DATA TO EXAMINE →

******************************

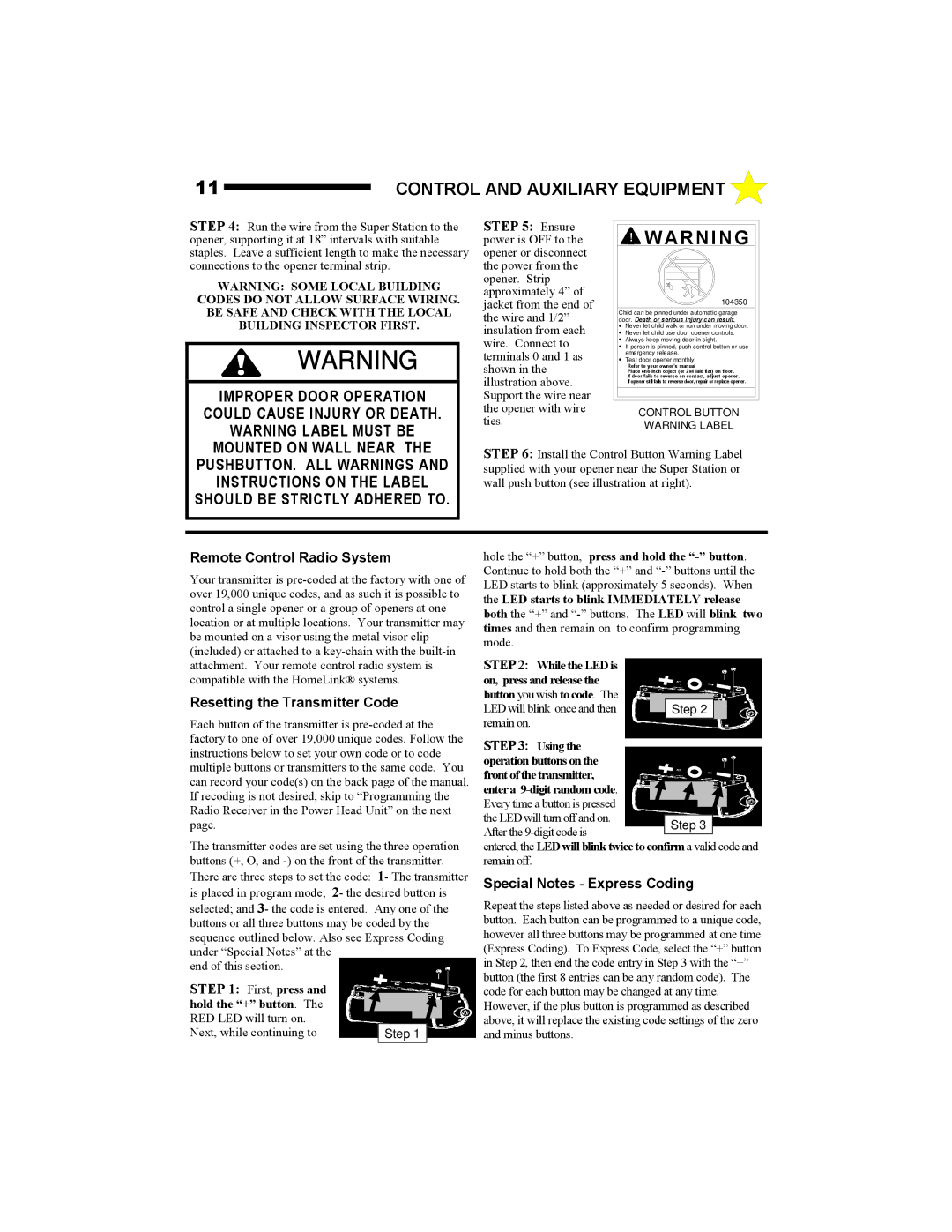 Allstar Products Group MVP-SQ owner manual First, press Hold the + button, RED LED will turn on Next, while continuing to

******************************

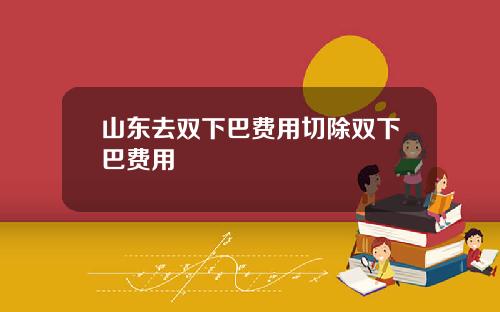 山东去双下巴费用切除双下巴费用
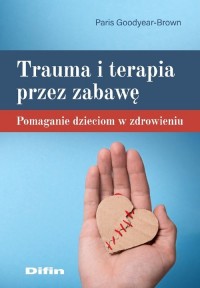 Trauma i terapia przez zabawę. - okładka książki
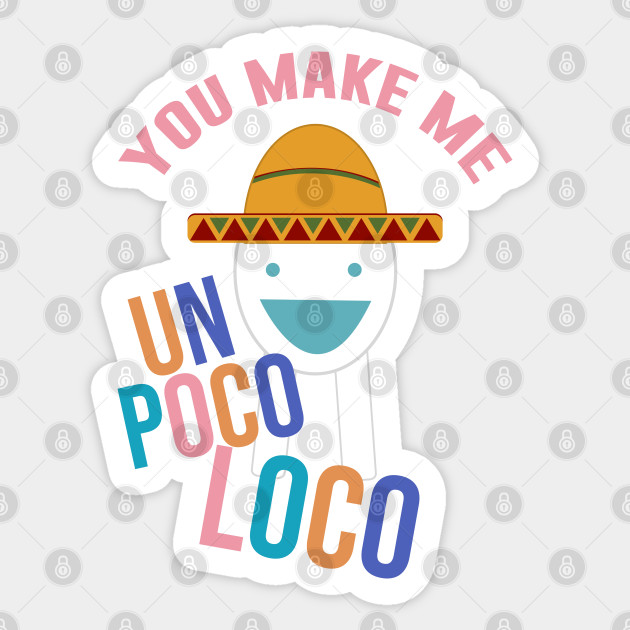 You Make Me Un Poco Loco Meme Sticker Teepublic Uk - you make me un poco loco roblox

******************************

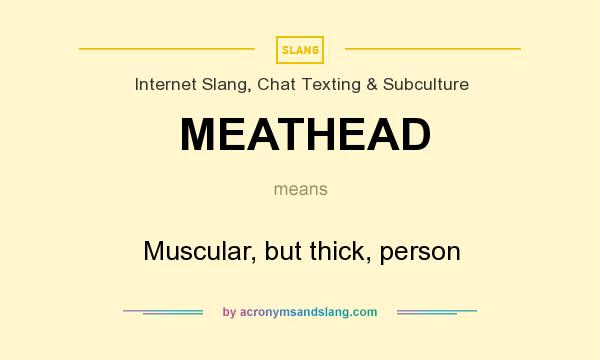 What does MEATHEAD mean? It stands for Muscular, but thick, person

******************************

REQUIRED WORK → With the pictures omitted, copy the entries above exactly from the line containing "山东去双下巴费用切除双下巴费用" through the line containing "You Make Me Un Poco Loco Meme", both lines included.

SOLUTION FOR THIS TASK →
 山东去双下巴费用切除双下巴费用
 Trauma i terapia przez zabawę. - okładka książki
 You Make Me Un Poco Loco Meme Sticker Teepublic Uk - you make me un poco loco roblox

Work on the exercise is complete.